Monday, November 16, 2015

Does Intel Pentium Bug of 1990s Still Holds Any Lessons for us?

Information Technology, at its core, is a forward oriented profession. What i mean by this assertion is that, as a general observation, the rate of change that this profession deals with is unprecedented. In my career time span so far, i have seen many a paradigm shifts including rise and fall and re-rise of Microsoft, birth and dominance of Google, a gigantic comeback of Apple, and all these eventually impacting our lives as professionals and as consumers of technology. In dealing with such acute dynamism, in my belief, it is very easy to lose the sense of history of our profession. I personally feel that having a good sense of history for a chosen profession often helps us connect the dots better and better fathom the current events that we experience. History helps connect things through time and I do consider knowledge of the history of our profession important in shaping its future. Most of the today's methodologies and good practices are evolved by bettering what didn't work in the past. To say the least, sense of history also gives as a sense of connection with the past which we should look to not lose.

I was recently reading the book- "Only the Paranoid Survive", the first person account of Andy Grove (former CEO of Intel) on how he dealt with strategic inflection points i.e. the time in the life of a business when its fundamentals are about to change. One of the narration in the book talks about the Pentium chip bug and it goes like as follows (written as is it appears in the book)-

"Several weeks earlier, some of our employees had found a string of comments on the Internet forum where people interested in Intel products congregate. The comments were under the headings like, "Bug in the Pentium FPU." (FPU stands for floating point unit, the part of the chip that does heavy-duty math.) They were triggered by the observation of a math professor that something wasn't quite right with the mathematical capabilities of the pentium chip. The professor reported that he had encountered a division error while studying some complex math problem.
We were already familiar with this problem, having encountered it several months earlier. It was due to a minor design error on the chip, which caused a rounding error in division once every nine billion times. At first, we were very concerned about this, so we mounted a major study to try to understand what once every nine billion divisions would mean. We found the results reassuring. For instance, they meant that an average spreadsheet user would run into the problem only once every 27,000 years of spreadsheet use.

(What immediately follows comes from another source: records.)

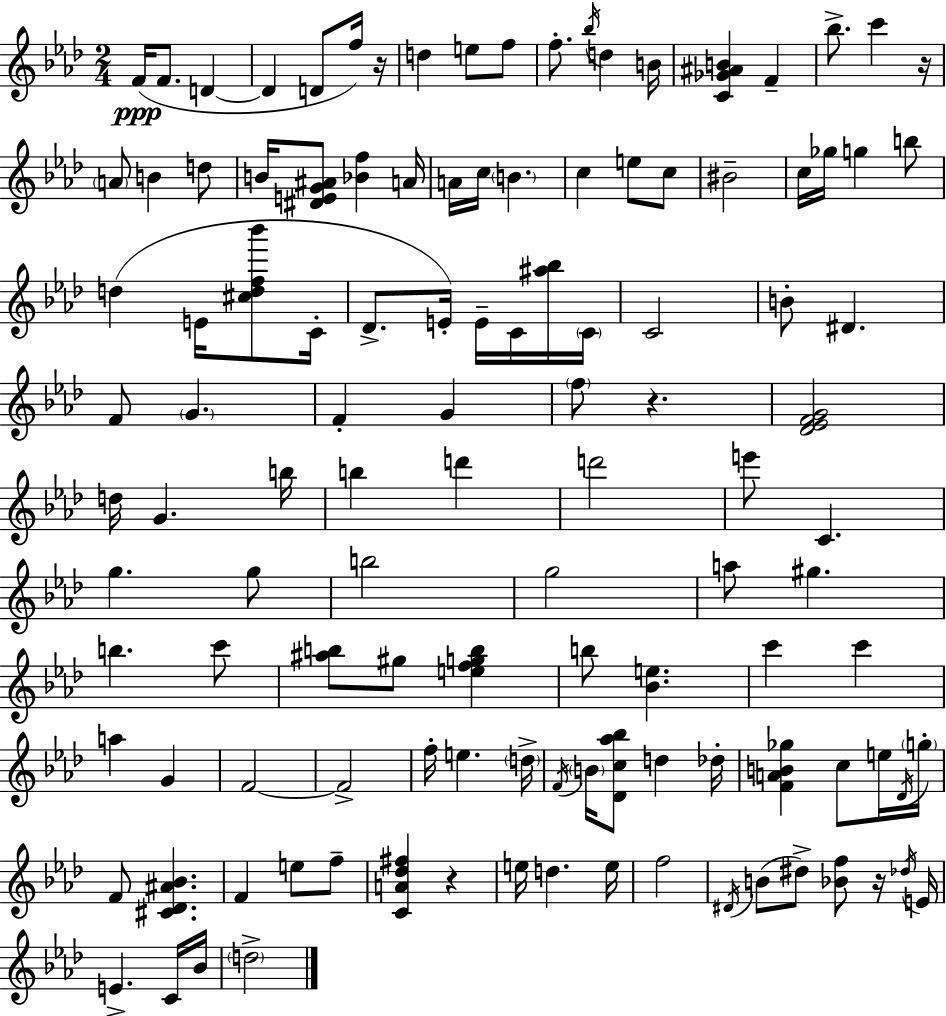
{
  \clef treble
  \numericTimeSignature
  \time 2/4
  \key aes \major
  f'16(\ppp f'8. d'4~~ | d'4 d'8 f''16) r16 | d''4 e''8 f''8 | f''8.-. \acciaccatura { bes''16 } d''4 | \break b'16 <c' ges' ais' b'>4 f'4-- | bes''8.-> c'''4 | r16 \parenthesize a'8 b'4 d''8 | b'16 <dis' e' g' ais'>8 <bes' f''>4 | \break a'16 a'16 c''16 \parenthesize b'4. | c''4 e''8 c''8 | bis'2-- | c''16 ges''16 g''4 b''8 | \break d''4( e'16 <cis'' d'' f'' bes'''>8 | c'16-. des'8.-> e'16-.) e'16-- c'16 <ais'' bes''>16 | \parenthesize c'16 c'2 | b'8-. dis'4. | \break f'8 \parenthesize g'4. | f'4-. g'4 | \parenthesize f''8 r4. | <des' ees' f' g'>2 | \break d''16 g'4. | b''16 b''4 d'''4 | d'''2 | e'''8 c'4. | \break g''4. g''8 | b''2 | g''2 | a''8 gis''4. | \break b''4. c'''8 | <ais'' b''>8 gis''8 <e'' f'' g'' b''>4 | b''8 <bes' e''>4. | c'''4 c'''4 | \break a''4 g'4 | f'2~~ | f'2-> | f''16-. e''4. | \break \parenthesize d''16-> \acciaccatura { f'16 } \parenthesize b'16 <des' c'' aes'' bes''>8 d''4 | des''16-. <f' a' b' ges''>4 c''8 | e''16 \acciaccatura { des'16 } \parenthesize g''16-. f'8 <cis' des' ais' bes'>4. | f'4 e''8 | \break f''8-- <c' a' des'' fis''>4 r4 | e''16 d''4. | e''16 f''2 | \acciaccatura { dis'16 }( b'8 dis''8->) | \break <bes' f''>8 r16 \acciaccatura { des''16 } e'16 e'4.-> | c'16 bes'16 \parenthesize d''2-> | \bar "|."
}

Andy spends a quite a few pages later in the book to tell why this bug was critical and how it turned his thinking around some peculiar was happening in the world around him. Let me summarize that point of view in next few points and also explain its relevance in today's world-

1. The beginning of social media as a force to reckon with:
Internet Forum in 1990s
     We pretty much take social media for granted these days. It generates a lot of data and opinions every passing second, which is very valuable to those who see the need to seek information out of it. This is especially true for anyone seeking feedback for a 
newly launched product or a service. Consumers, on the other hand, provide feedback often without being asked on social media. It more often turns out to a medium for venting out imperfections and bad experiences. This is now. But when we talk about 1990s, when the Pentium FPU bug occurred, things were still in infancy w.r.t Internet and people had started to use Internet forums to share opinions. Intel, then was not in the business of selling the computer chips directly to consumers. It used to sell via PC manufacturers like IBM. Intel's emergence was at the cusp of PC industry turning more horizontal oriented than vertically oriented meaning that earlier one manufacturer like Digital used to manufacture/assemble all parts of a computer (vertical orientation), later each key component became individual business (horizontal orientation) serving the PC assembler like IBM, Dell etc. Andy mentions in his book that with this bug, he smelled something unusual happen in the field. And it was that though he was not selling directly to consumers, he was getting feedback from them directly. He inferred that if this situation wasn't handled with proactive stance, then he could receive a lot of negative backlash. Mind you, this was 1990s, when it was hard to imagine the power of social media. Andy took the corrective actions quickly and even justified the huge cost of this bug- around USD 450 million (mammoth amount now but more so 20 years back).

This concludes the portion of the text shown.